Watermarks
1. Introduction
A Watermark is a moving temporal line in Apache Beam that measures the progress of time inside a streaming pipeline. It represents the system's confidence of when all data up to a certain point has been processed.
2. Why This Concept Exists
In batch processing, all data is present at start. In streaming, network delays, mobile disconnections, or system retries cause data to arrive out of order (e.g. an event that happened at 12:00 might only reach the pipeline at 12:15). A watermark is the mechanism that answers the fundamental streaming question: "How long should the pipeline wait for slow or delayed data before closing the window and printing results?"
3. Key Terminology
- Event Time: The time when the event actually occurred on the device (embedded inside the record payload).
- Processing Time: The wall-clock time on the worker machine currently executing the transform.
- Late Data: Elements that arrive after the watermark has passed their event time.
4. How It Works
- Beam tracks the event timestamps of all records in the pipeline.
- The watermark monotonically moves forward. If the watermark reaches
12:10:00, the runner assumes: "We have seen almost all data generated before 12:10:00." - Heuristic Watermark: An estimate of data arrival progress based on network traffic trends.
- Exact Watermark: A precise measurement used when sources (like Pub/Sub queues) guarantee strict message ordering metadata.
5. Visual Diagram
Event Time (Data)
12:00 | 12:05 | 12:10
Processing Time (Wall Clock)
12:05 | 12:12 | 12:20
6. Code Example
Extracting custom event timestamps from logs and configuring allowed lateness:
import apache_beam as beam
from apache_beam.transforms.window import FixedWindows
class ExtractTimestampDoFn(beam.DoFn):
def process(self, element):
# Extract event time in seconds from JSON
event_time_epoch = float(element["timestamp"])
# Yield element wrapped with its event timestamp
yield beam.window.TimestampedValue(element, event_time_epoch)
# In your pipeline:
# output = logs | beam.ParDo(ExtractTimestampDoFn()) | beam.WindowInto(FixedWindows(60), allowed_lateness=300)
7. Code Explanation
beam.window.TimestampedValue(element, timestamp)tells the runner when the log event actually occurred.- The runner uses these timestamps to calculate the watermark progress.
allowed_lateness=300tells the watermark engine: "Keep window state open for 300 seconds (5 minutes) after the watermark passes to capture late elements."
8. Real Production Example
In cellular signal towers, device connectivity drops in tunnels. A device might buffer logs locally at 14:00 and upload them at 14:30. The watermark acts as the governor that permits the streaming aggregator to update the 14:00 hourly metrics once the delayed logs arrive.
9. Common Mistakes
- Assuming watermark equals processing time: Watermarks measure Event Time progress. If data ingestion stops, the watermark stops moving, even as the wall clock processing time keeps ticking.

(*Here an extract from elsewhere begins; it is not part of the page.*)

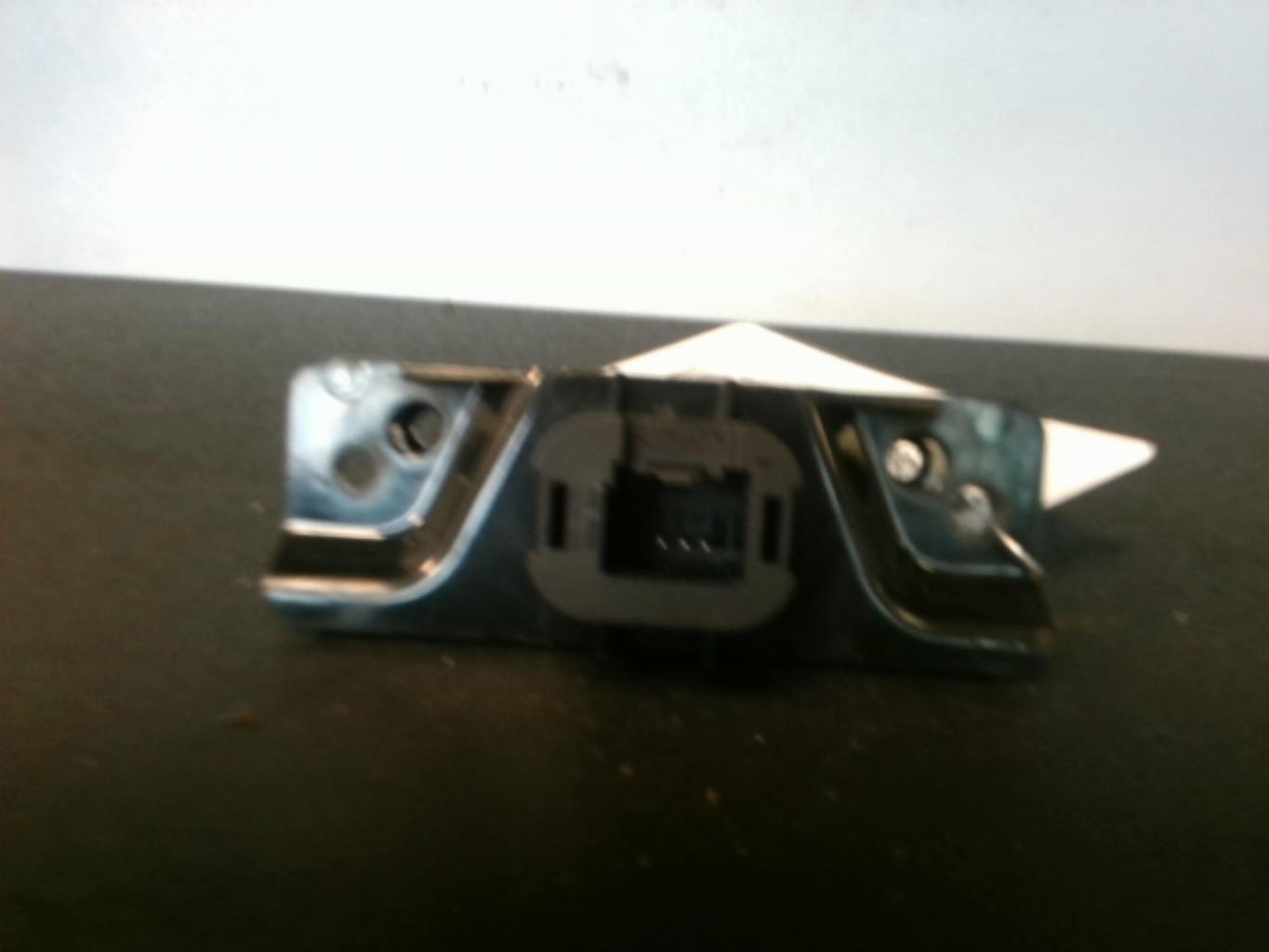 Bouton de warning FORD FIESTA 5 PHASE 2 Diesel - 1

- Discarding late data silently: If you do not specify an allowed lateness threshold, late-arriving events are discarded by default without triggering errors.
10. Interview Perspective
- Question: What causes a watermark to lag (drift)?

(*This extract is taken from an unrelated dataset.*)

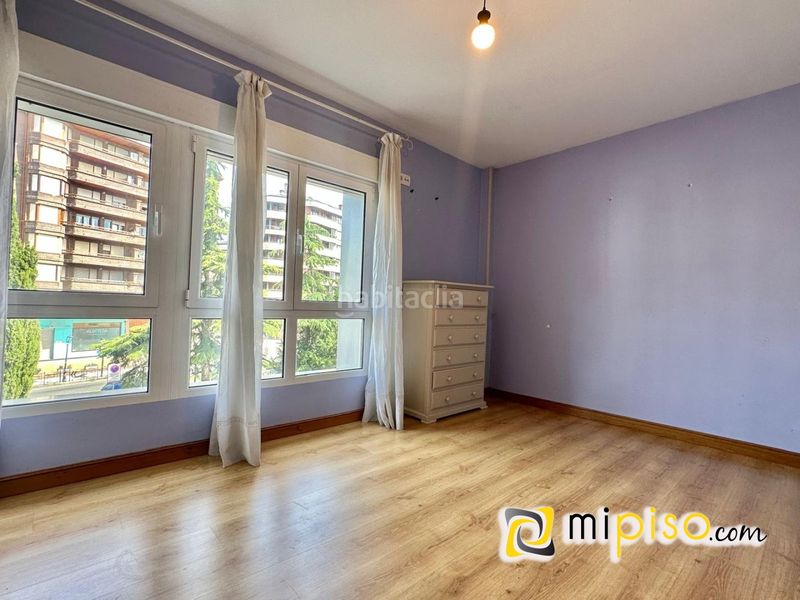Foto 6796f25c-c260-4660-a067-db066e1b6a2f. Piso en del ayuntamiento 19 desde inmobiliaria mi piso os presentamos este magnífico piso situado en pleno corazón , una vivienda que destaca por en Colindres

- Answer: Network latency, network disconnections, consumer bottlenecks, or high system backlog. If workers process elements slowly, the gap between event time and processing time increases, causing the watermark to lag.

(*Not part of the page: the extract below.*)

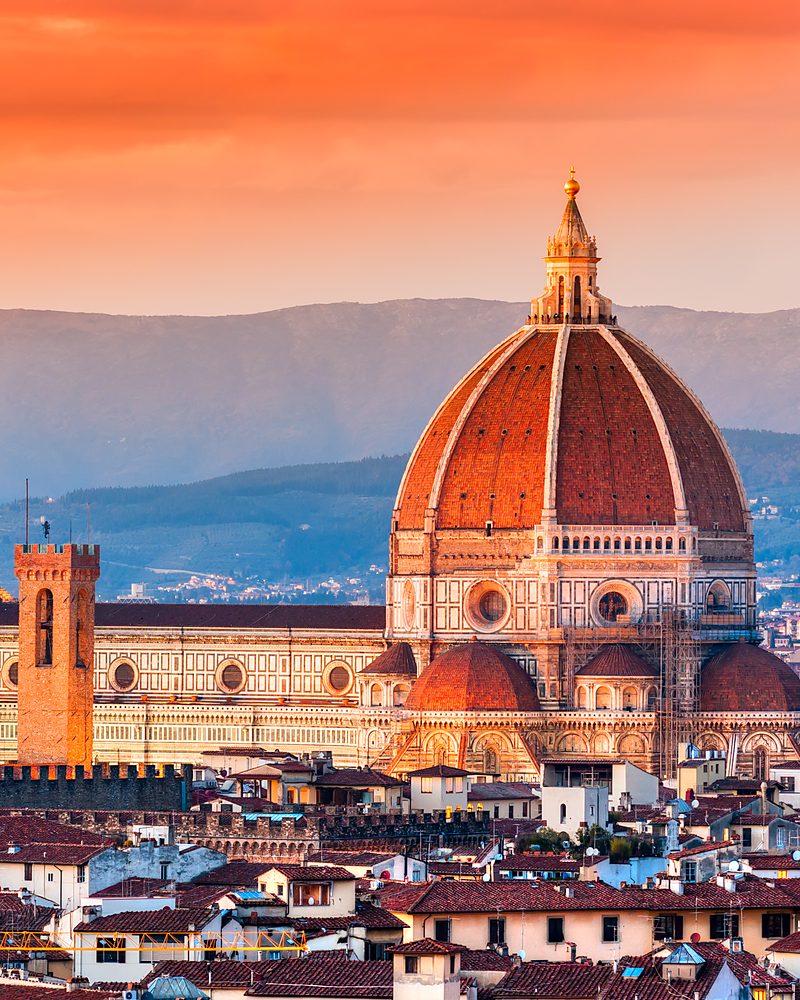 Catedral de Santa Maria del Fiore em Florença ao entardecer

- Question: What is the consequence of setting an excessively large allowed lateness?
- Answer: The runner must hold the window state in memory or persistent storage for a longer period, increasing storage costs and potentially causing worker memory crashes.
11. Best Practices
- Extract event timestamps as close to the ingestion source as possible.
- Set a reasonable allowed lateness that covers 99% of your network latency distribution profiles.
12. Summary
- Watermarks track time progress in streaming pipelines.
- Differentiates Event Time (on-device) from Processing Time (on-worker).
- Governs window closing and late-arriving data policies.